Array Stride Access

Access array elements at regular intervals and understand the effect on locality.

Array Stride Access

Array stride access visits elements with a fixed step between consecutive indices. A stride of $1$ scans every element. Larger strides skip elements and may reduce cache locality.

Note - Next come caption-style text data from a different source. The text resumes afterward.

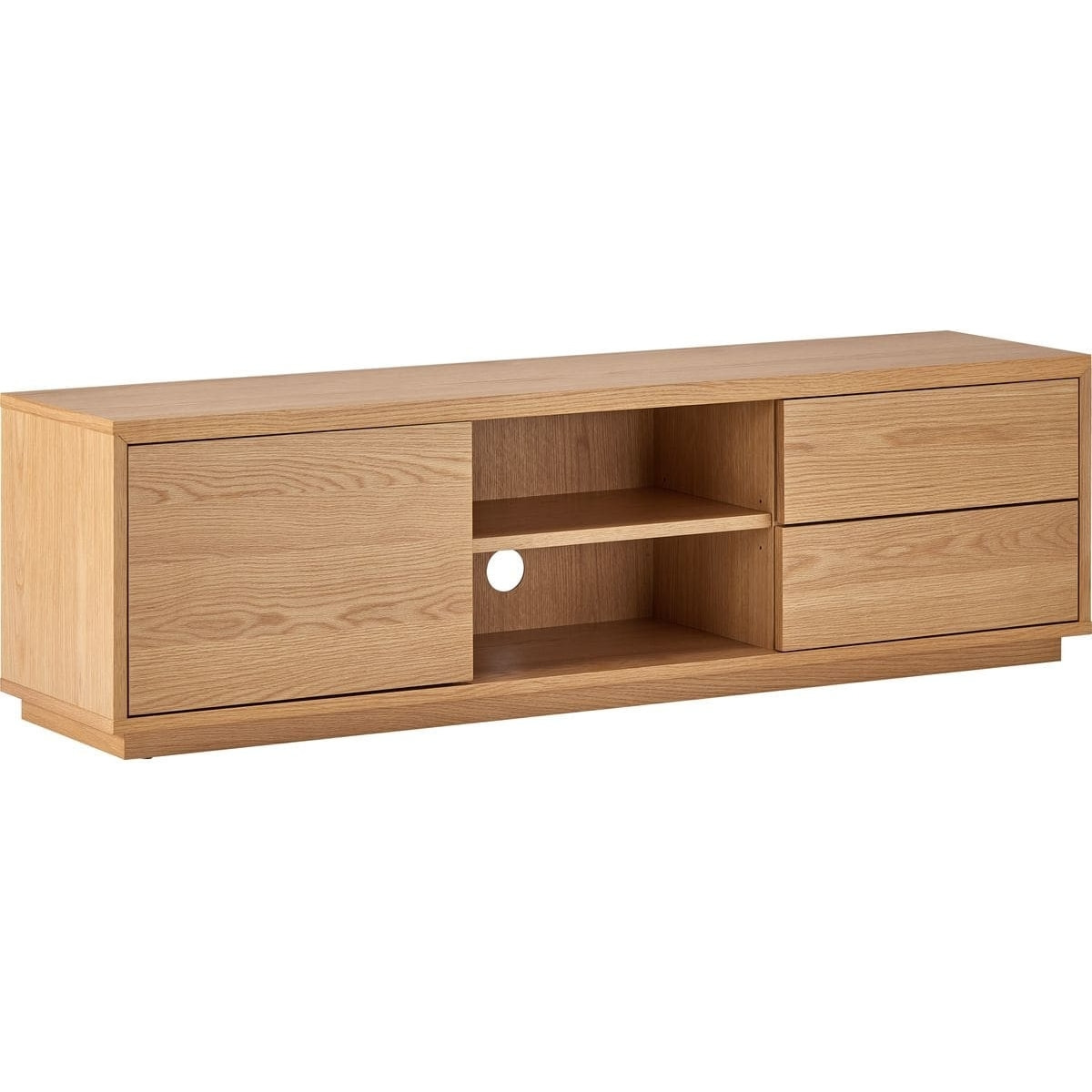 Meuble TV 1 porte 2 tiroirs en bois - ODDA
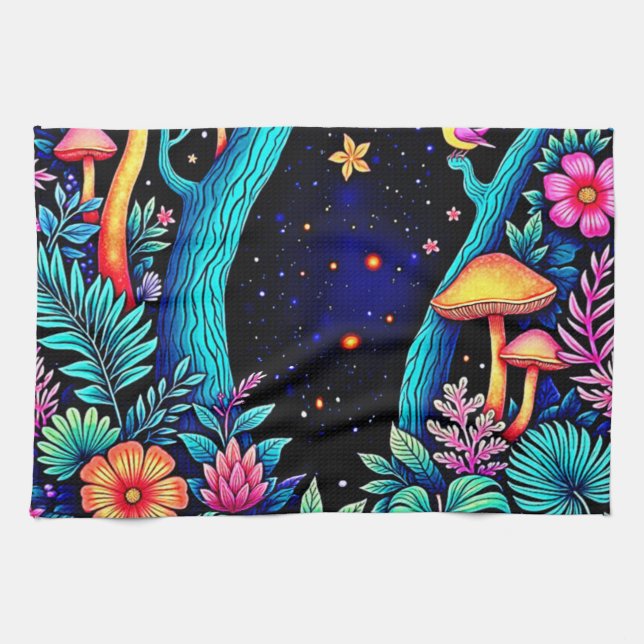 Neon Fantasy Forest Night Glow Design Geschirrtuch (Horizontal)
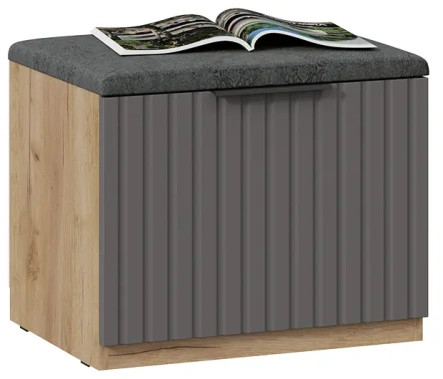 "Хилтон" тумба для обуви исп.2.1 (Дуб Крафт Золотой/Графит матовый) - Три Я - фото в интернет-магазине Арктика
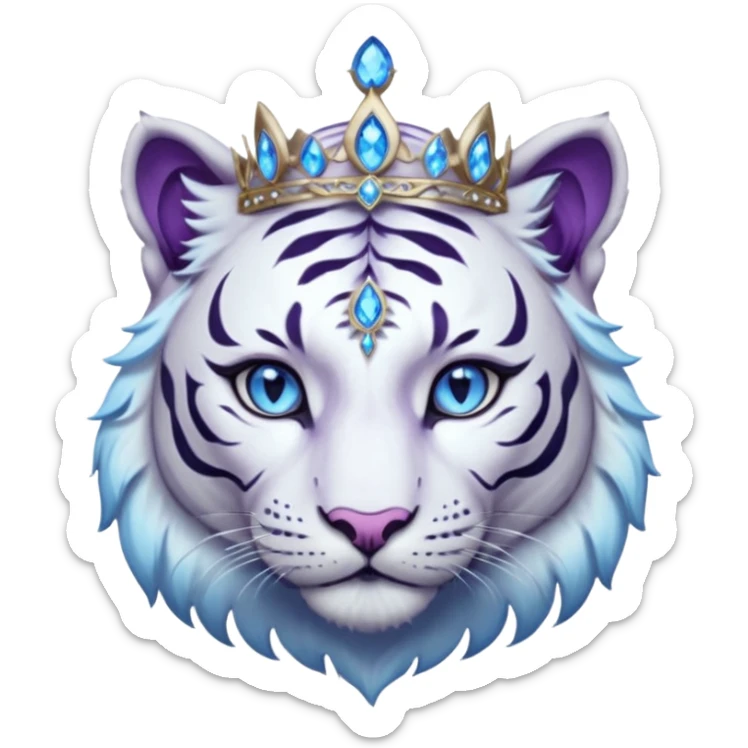 ESO Female white/black tiger khajiit leader of the umbral rose, glowing blue eyes, glowing blue 'third eye' gem; purple gemmed silver tiara sticker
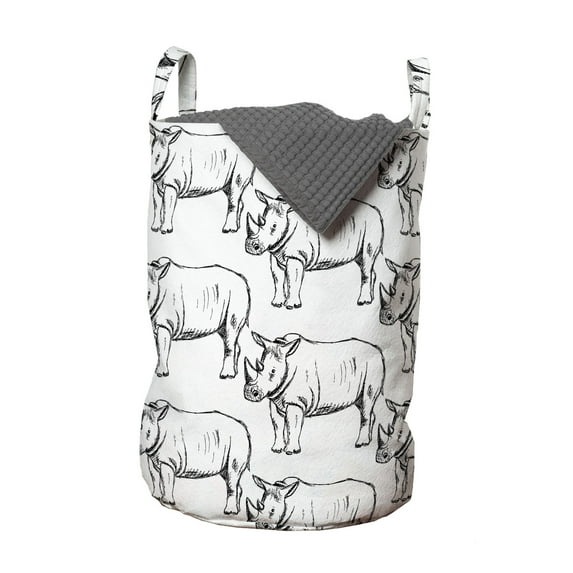 Animal Laundry Bag, Continuous Vintage Engraved Style Sketch Drawn Pattern of Wild Creature, Basket with Handles Drawstring Closure for Laundromats, 13" x 19", Charcoal Grey and White, by Ambesonne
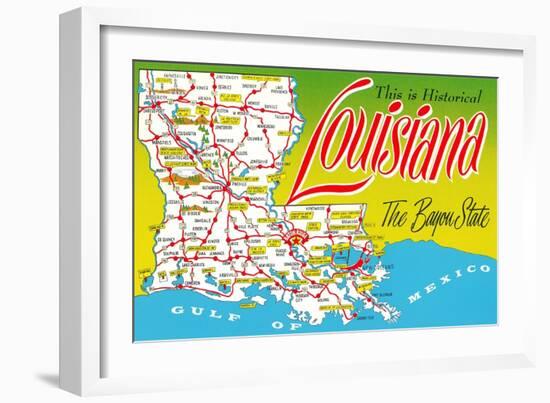 Historical Louisiana Map-null-Framed Art Print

You use it when data is sampled, stored in interleaved form, or traversed by columns in row-major storage.

Problem

Given an array $A$ of length $n$ and a stride $s$, process indices:

$$ 0, s, 2s, 3s, \dots $$

while the index remains less than $n$.

Algorithm

Scan with a fixed stride:

stride_scan(A, s):
    if s <= 0:
        error "stride must be positive"

    i = 0
    while i < length(A):
        process A[i]
        i += s

Example

Let

$$ A = [8, 3, 5, 1, 9, 4, 2] $$

and

$$ s = 2 $$

The scan visits:

step index value
1 0 8
2 2 5
3 4 9
4 6 2

Visited sequence:

$$ [8, 5, 9, 2] $$

Correctness

The algorithm starts at index $0$ and adds $s$ after each access. Since $s > 0$, the index increases monotonically. The loop condition ensures that every accessed index satisfies $0 \le i < n$.

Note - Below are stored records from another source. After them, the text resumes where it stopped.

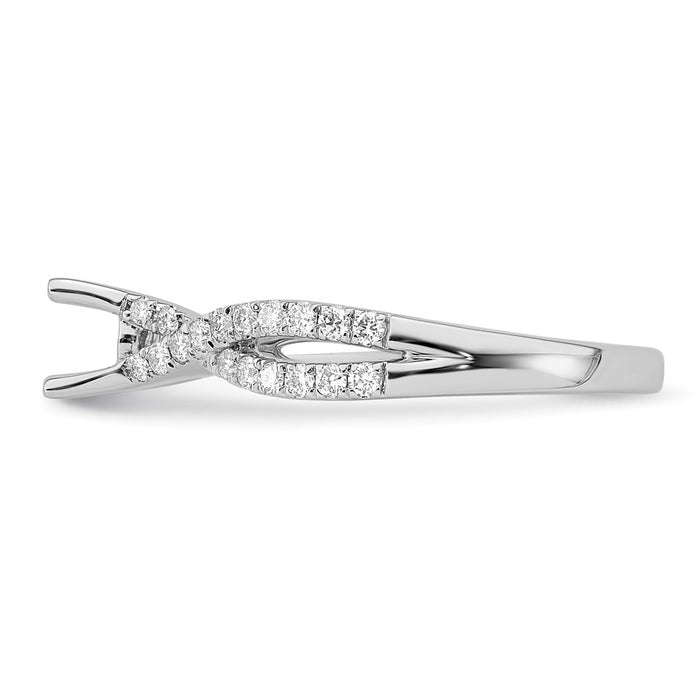 Buy Exclusive 14K White Gold Criss-Cross Engagement Ring, 1/2 Carat Center & 1/3 Carat Accents-3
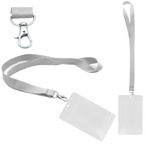 Identyfikator pionowy holder A7 przezroczysty targowy 81x110mm + smycz 90cm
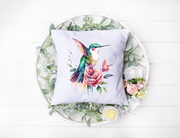 Watercolor Hummingbird Pillow Cover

Thus the algorithm processes exactly the positions of the form $ks$ that lie inside the array.

Complexity

The number of visited elements is:

$$ \left\lceil \frac{n}{s} \right\rceil $$

operation time
stride scan $O(n / s)$
worst case, $s = 1$ $O(n)$

Space usage:

$$ O(1) $$

When to Use

Stride access is appropriate when:

  • processing every kth element
  • reading interleaved data
  • sampling an array
  • traversing columns in flat matrix storage

It is less suitable when sequential locality matters and all elements must be processed. In that case, prefer contiguous traversal.

Implementation

def stride_scan(a, stride, process):
    if stride <= 0:
        raise ValueError("stride must be positive")

    i = 0
    while i < len(a):
        process(a[i])
        i += stride
func StrideScan[T any](a []T, stride int, process func(T)) bool {
    if stride <= 0 {
        return false
    }

    for i := 0; i < len(a); i += stride {
        process(a[i])
    }

    return true
}